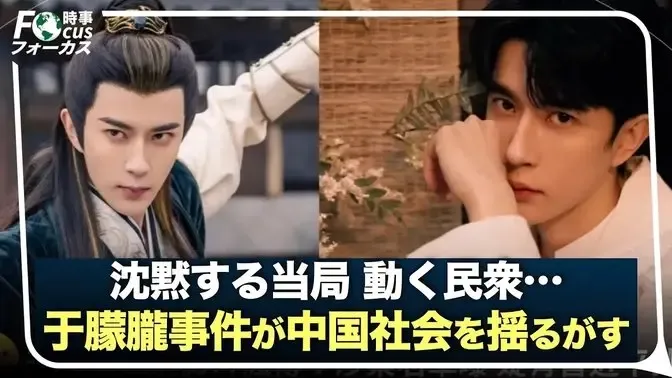 中国ネットで大炎上！于朦朧事件に20万人が真相要求 #アランユー #于朦朧 #Yuu Menglong のﾀﾋ。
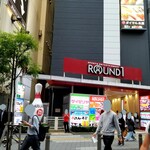 がってん寿司 池袋サンシャイン60通り店的實拍圖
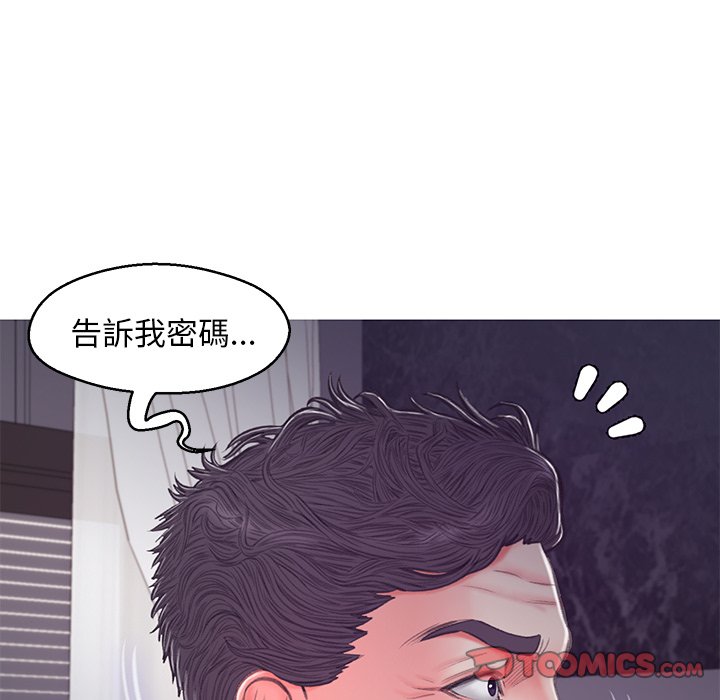 第63话 - 第97.jpg页
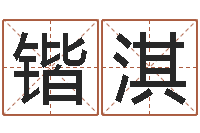 付锴淇周易解梦命格大全查询-姓刘女孩子名字大全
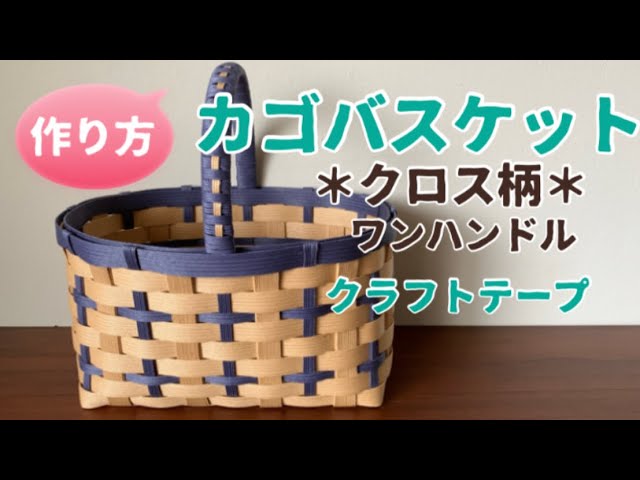 第11作☆クラフトバンドでクロス柄ワンハンドルカゴバスケット【作り方
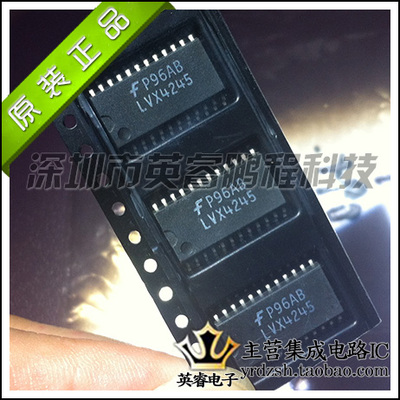 【英睿鹏程】74LVX4245MTC   TSSOP  实体店现货热卖 原装进口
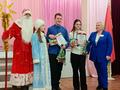 С Новым Годом!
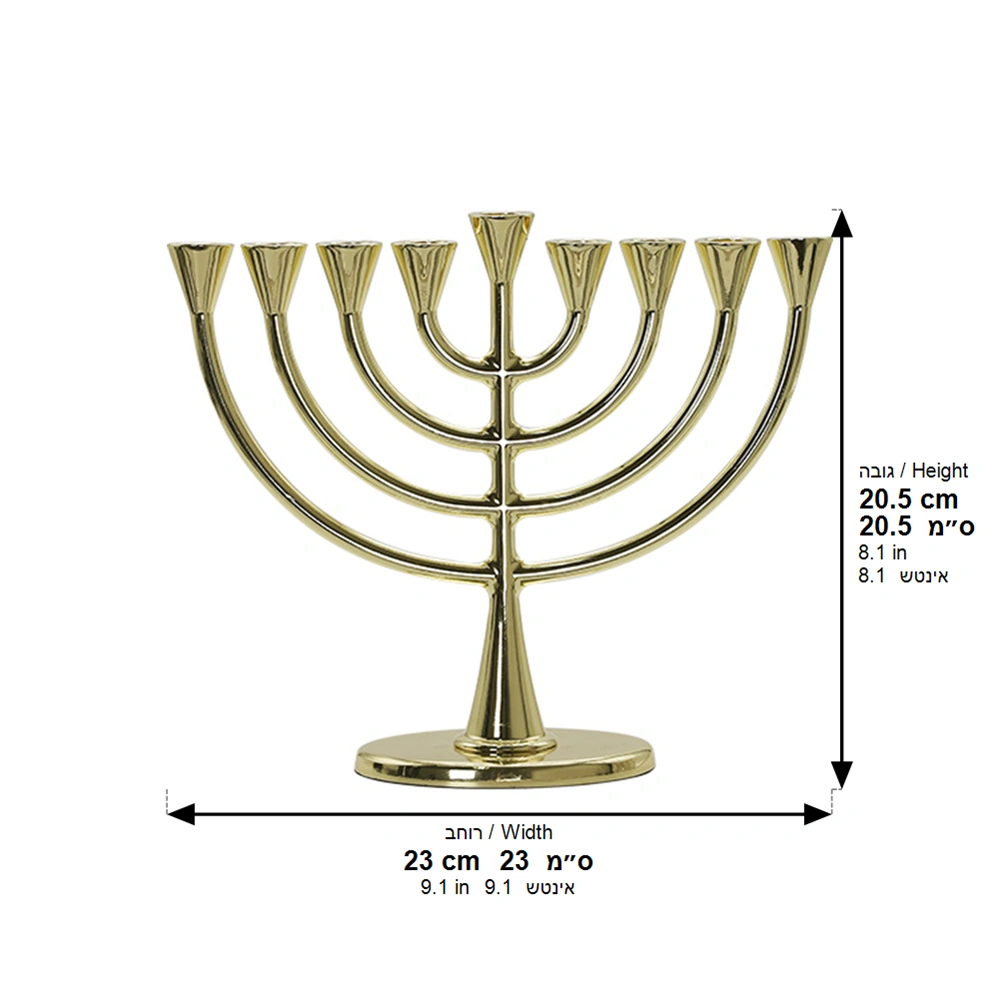 חנוכייה מתכת ציפוי זהב 19×23 ס״מ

____________________

Task goal: Repeat each of the entries above exactly, but do not carry over the pictures.

Answer space:
 中国ネットで大炎上！于朦朧事件に20万人が真相要求 #アランユー #于朦朧 #Yuu Menglong のﾀﾋ。
 がってん寿司 池袋サンシャイン60通り店的實拍圖
 第63话 - 第97.jpg页
 付锴淇周易解梦命格大全查询-姓刘女孩子名字大全
 第11作☆クラフトバンドでクロス柄ワンハンドルカゴバスケット【作り方
 【英睿鹏程】74LVX4245MTC   TSSOP  实体店现货热卖 原装进口
 С Новым Годом!
 חנוכייה מתכת ציפוי זהב 19×23 ס״מ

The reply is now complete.